X are the time series data. The package follows the batch first convention therefore X has shape (n, s, c) where n is batch size, s is (maximum) trajectory length and c is the number of channels. By default, a time stamp is appended to the time series data as the first channel.

y are one-hot encoded labels of shape (n, l) where l is the number of classes and length are the length of each trajectory (before padding if sequences are of irregular length) i.e. a tensor of shape (n).

ArrowHead is a univariate time series therefore X has two channels, the time stamp followed by the time series (c = 2). Each series has 251 observations (s = 251) and there are three classes (l = 3).

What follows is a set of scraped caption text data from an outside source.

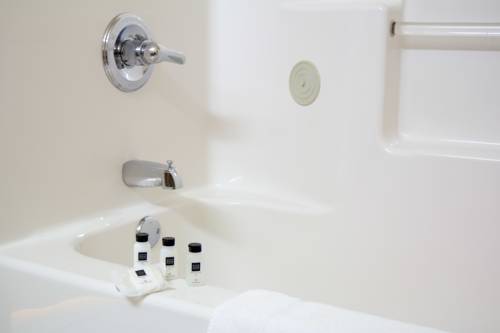 Imagen de la habitación del Hotel Country Inn and Suites By Radisson, Marion, Oh. Foto 5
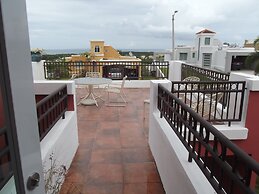 Beautiful Home At The Hill With Private Pool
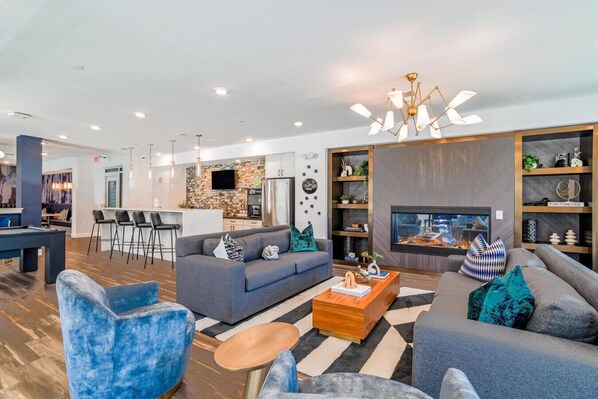 Smart TV, ping pong, offices - Reluxme | Chic 1BR Near Mall & Airport (Charlotte)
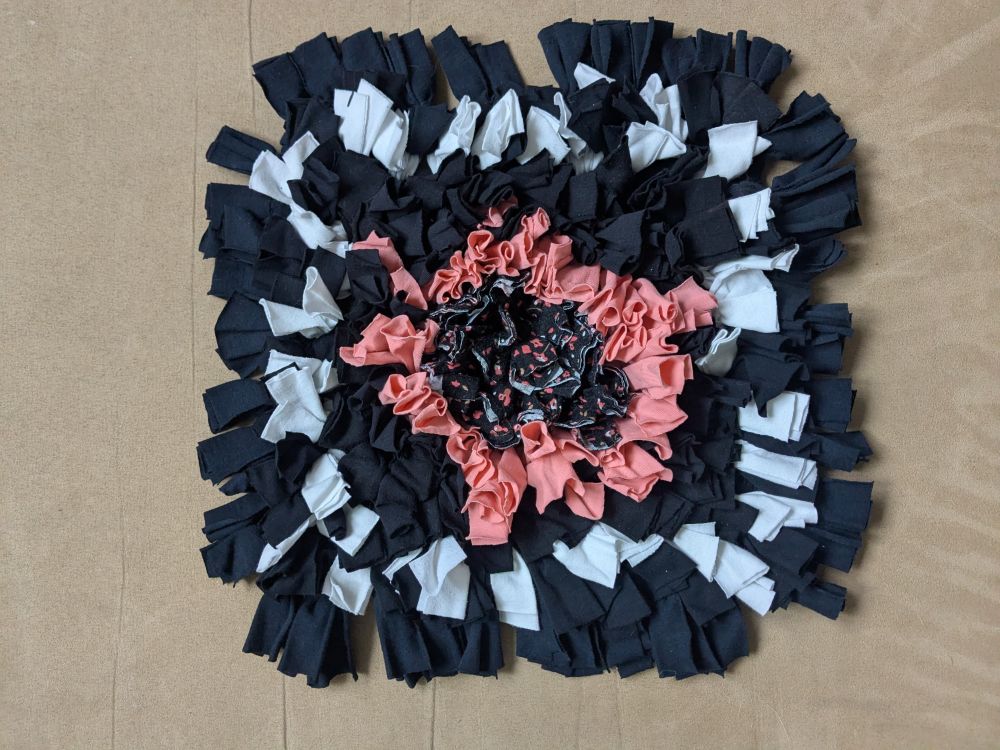 Handmade čmuchací kobereček čtverec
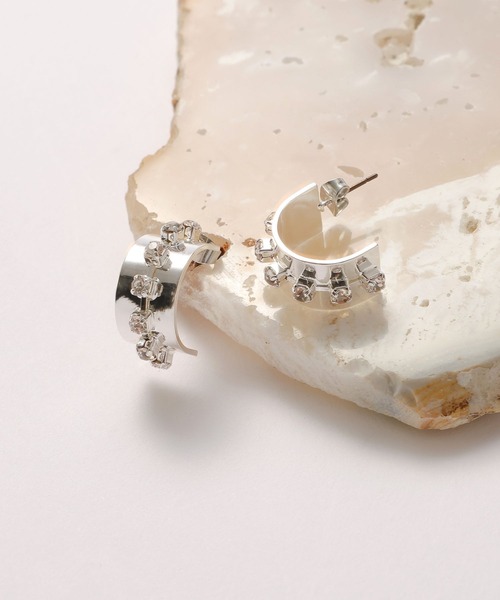 GLOBAL WORK(グローバルワーク)の「MATINE LINE/ストーンメタルカーブピアス/288890(ピアス(両耳用)・レディース・シルバー/ゴールド・ONE SIZE)」の1枚目の写真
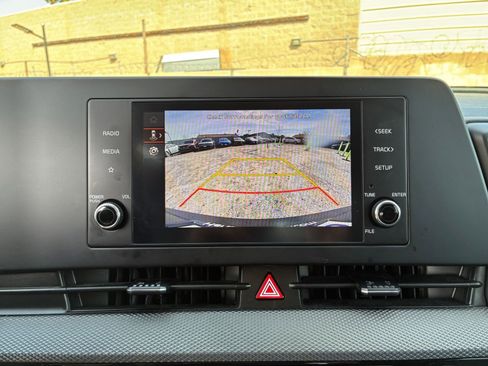 Used 2025 Kia Sportage LX image 24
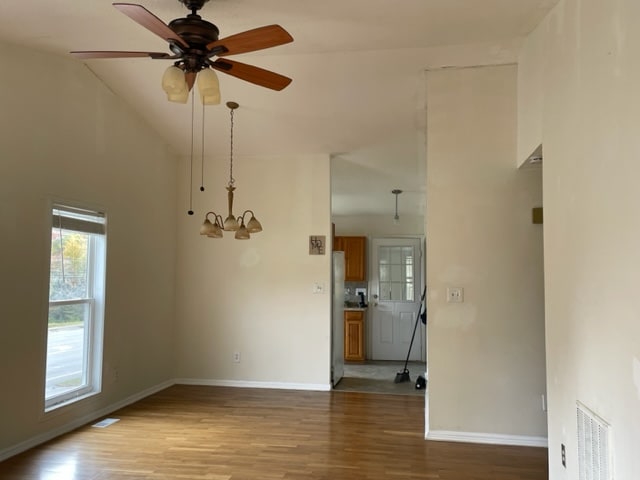 Building Photo - 2001 Peppertree St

next_batch = next(iter(dataloader))

next_batch["X"].shape       # torch.Size([32, 251, 2])
next_batch["y"].shape       # torch.Size([32, 3])
next_batch["length"].shape  # torch.Size([32])

Additional options

  • The split argument determines whether training, validation or test data are returned. The size of the splits are controlled with the train_prop and val_prop arguments.

  • Missing data can be imputed by setting impute to mean (replace with training data channel means) or forward (replace with previous observation). Alternatively a custom imputation function can be used.

  • A time stamp, missing data mask and the time since previous observation can be appended with the boolean arguments time, mask and delta respectively.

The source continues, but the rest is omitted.